On sale day, the first Friday of the month, customers line up outside the library door. Books are purchased by home-school parents and college students, those sending books to the troops and those helping to start libraries overseas, Schmidt said.
Funds from the sale are used to purchase materials and furnishings for the library and help the summer reading program.
“It is a win–win for everyone and it all starts with Mary Belle,” Schmidt said in the nomination.
Holder also helped set up the library at Stafford’s Head Start with some of the books donated from Porter. For the past two years, she worked three days a week at the preschool program to organize, label and code thousands of books.
Her co-workers aren’t surprised by what the 93-year-old has done.
“She’s gotta be the hardest-working volunteer we have,” said Phyllis Russillo, a library clerk. “We all want to be like Mary Belle when we grow up.”
Cathy Dyson: 540/374-5425
Saluting seniors for helping needy, elderly
Other area residents nominated for the Salute to Senior Service include:
Ida Ansell has volunteered at the information desk at Stafford County Courthouse for 22 years and works four to 12 hours a week. She steps in when another volunteer can’t make it, and she leads tours of county departments for school groups.
She was on the county’s recycling board; volunteered with S.E.R.V.E., an organization that provides emergency assistance to the needy; and worked at the Salute to Stafford festival for many years. She also plays a charming Mrs. Santa Claus.
“Ida is always cheerful, humble and willing to help when asked or needed,” according to her nomination form. “Her quiet, gentle manner inspires all who know her.”
The Friends of the Culpeper County Library nominated Celine Siira, who volunteers more than 40 hours a month. She’s worked in the bookstore since 2000 and has developed a keen interest in older books that bring higher prices at sales.
She enlisted the help of a professional appraiser, listed the books on Amazon and had bookshelves built in her garage to keep the items until they needed to be shipped.

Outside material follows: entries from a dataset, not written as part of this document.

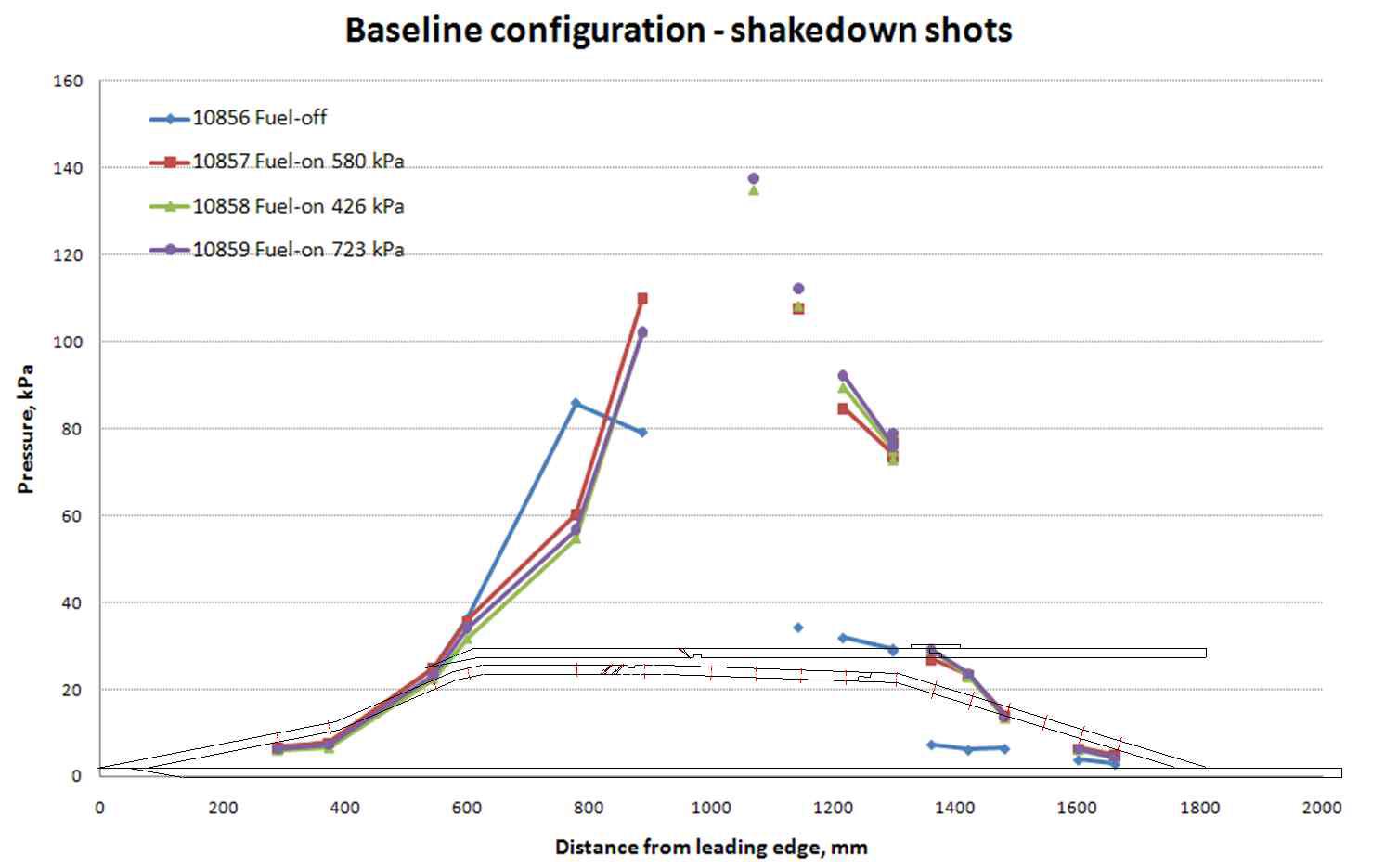 Static pressure distribution of baseline configuration for proper equivalence ratio condition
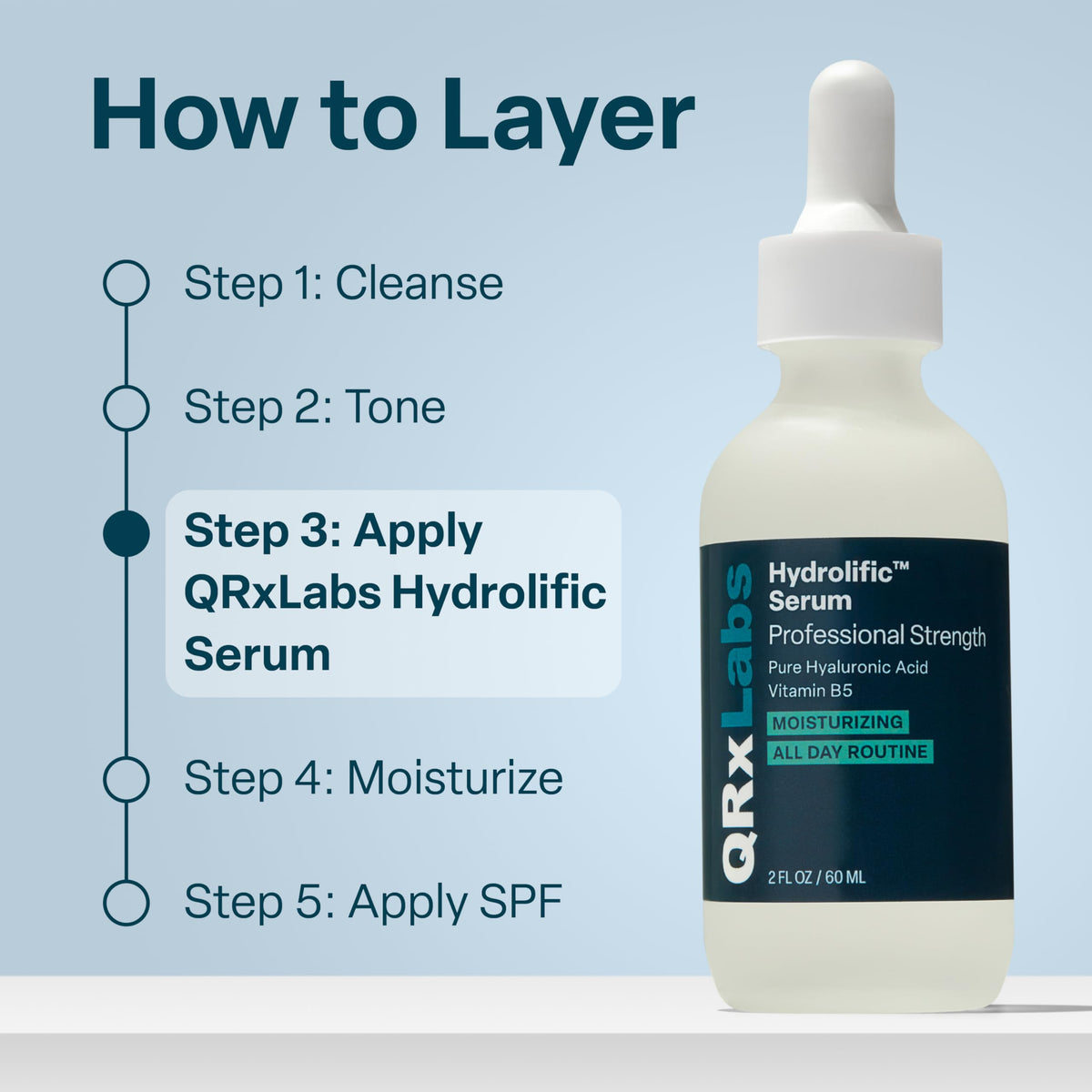 Hand hold showing QRxLabs Hyaluronic Acid Serum ease of use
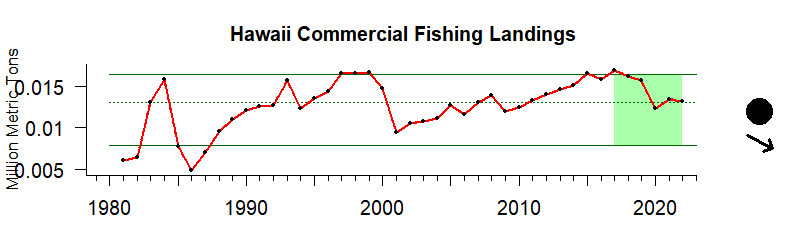 Commercial Fishing | National Marine Ecosystem Status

She also came up with other themes, such as bag sales, paperback sales and Christmas books.
“She has said more than once that she finally has a career of her own,” said Susan Keller, library director. “And I have said more than once, we don’t know what we would do without her.”

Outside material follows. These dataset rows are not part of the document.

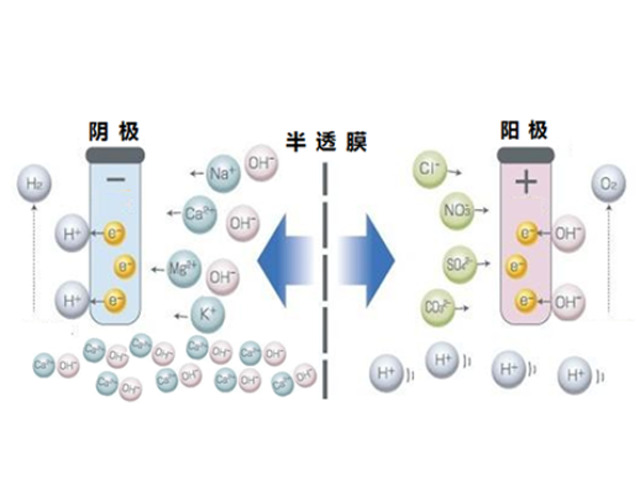 電化學法水處理設(shè)備
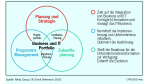 Neues Meta-Group-Handbuch: Die IT braucht Portfolio-Management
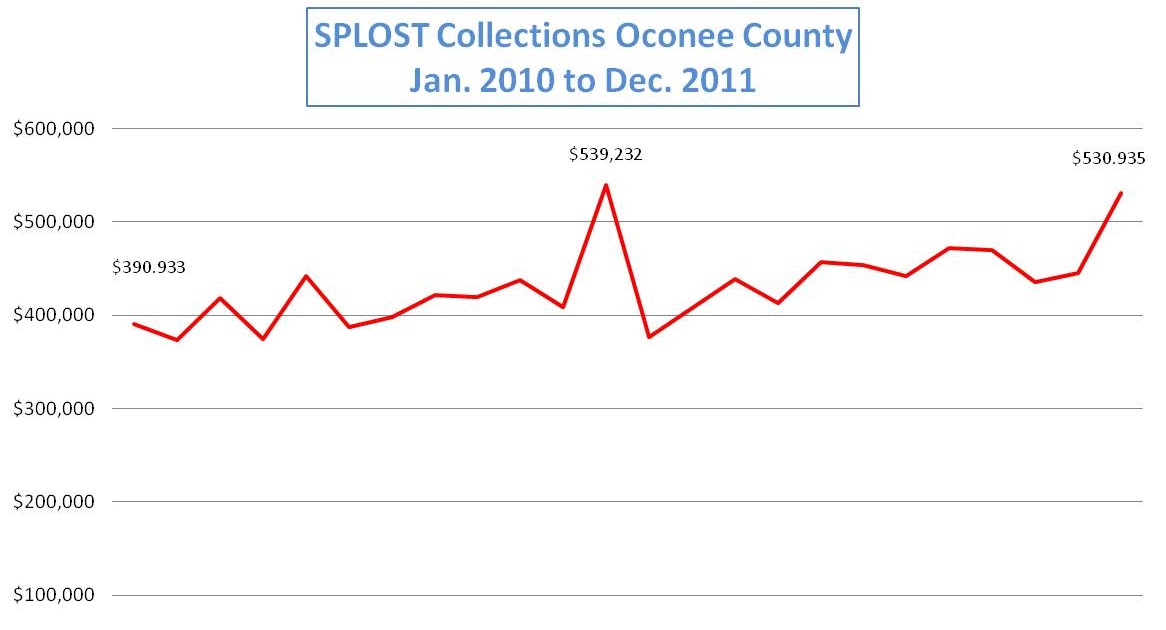 Oconee County Observations SPLOST Report Shows Oconee County Has Built
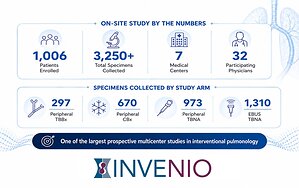 Invenio Imaging Announces Completion of Enrollment in Landmark Study of AI-Based Image Analysis for Lung Cancer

Morrie Mabbitt of Fredericksburg heads the social ministry committee of Christ Lutheran Church in Fredericksburg.
He purchases the food and directs the cooking and serving of a monthly meal that feeds up to 125 needy residents. He also coordinates the facility’s use with four other organizations and shops for the church’s food pantry.
Mabbitt searched the Internet for hours for the lowest-priced quality boots for those who need the footwear for work. He dealt with Micah Ecumenical Ministries on the boot project and provides food and clothing for women at Empowerhouse, the area’s domestic violence agency.
Diane Trice of Fredericksburg has volunteered with the Senior Visitors Program through Mental Health America of Fredericksburg since December 2004. She visited regularly with an Alzheimer’s patient, providing companionship to her and respite to her spouse. She helped with bathing, grooming and feeding on days she visited. She also ran errands and accompanied the client to appointments.
Trice continued to visit the family after the patient died in 2010, and the widower has become a client in the program.
“Diane goes beyond what is expected of her as a volunteer,” according to her nomination. “She is providing a much-needed connection to the community and valuable services and support.”
In 2012, Barbara Rhodes helped start “The Place” at Reformation Lutheran Church in Culpeper. It’s a five-day-a-week drop-in center for adults 50 and over.
Individuals come to “The Place” for socialization, recreation and support. Through the endeavor, which is totally supported by volunteers, Rhodes has helped feed people, locate housing and support lonely and struggling adults.
“Some of the seniors have said that Barbara has literally saved their lives,” according to her nomination. She “has made a huge difference in the lives of mature adults in Culpeper.”